Esse trecho foi pinçado do filme Anjos da Vida, história que aborda a formação de mergulhadores de salvamento da United States Coast Guard (Guarda Costeira Norte-americana). O pedacinho citado, entre outros grandes ensinamentos, é a fala do treinador para sua equipe em treinamento.
O dilema à essa altura do enredo era saber quais critérios se usaria para “escolher” quais pessoas salvar e quais, infelizmente, deixar para trás. Outro ponto de debate nesse momento era a necessidade de apresentar extrema paixão e coesão quanto a responsabilidade enquanto salvador e a de ter frieza para saber a hora de dizer não, recuar, voltar para a base.

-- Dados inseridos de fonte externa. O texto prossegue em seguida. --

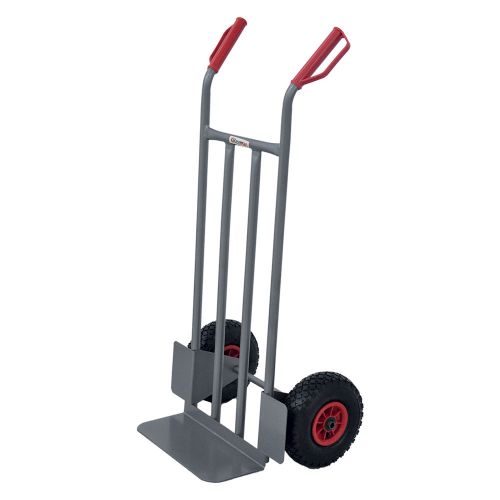 BAG HAND TRUCK “ECO”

Na vida corporativa acontece o mesmo. Talvez com menos sensacionalismo do que no cinema, mas tomada de decisão, paixão e frieza fazem parte de nossa rotina profissional. Demorei a compreender a diferença entre entusiasmo e empolgação. Após alguma reflexão consegui verificar que, de fato, são comportamentos distintos.
O primeiro deles é como a água volumosa de um rio descendo entre os costões rochosos de uma extensa encosta. Já o segundo eu compararia com as ondas de uma praia calma, que vêm, cobrem um pedaço de areia, avançam e tão logo recuam. Suas palavras-chave são, respectivamente, intensidade e instabilidade.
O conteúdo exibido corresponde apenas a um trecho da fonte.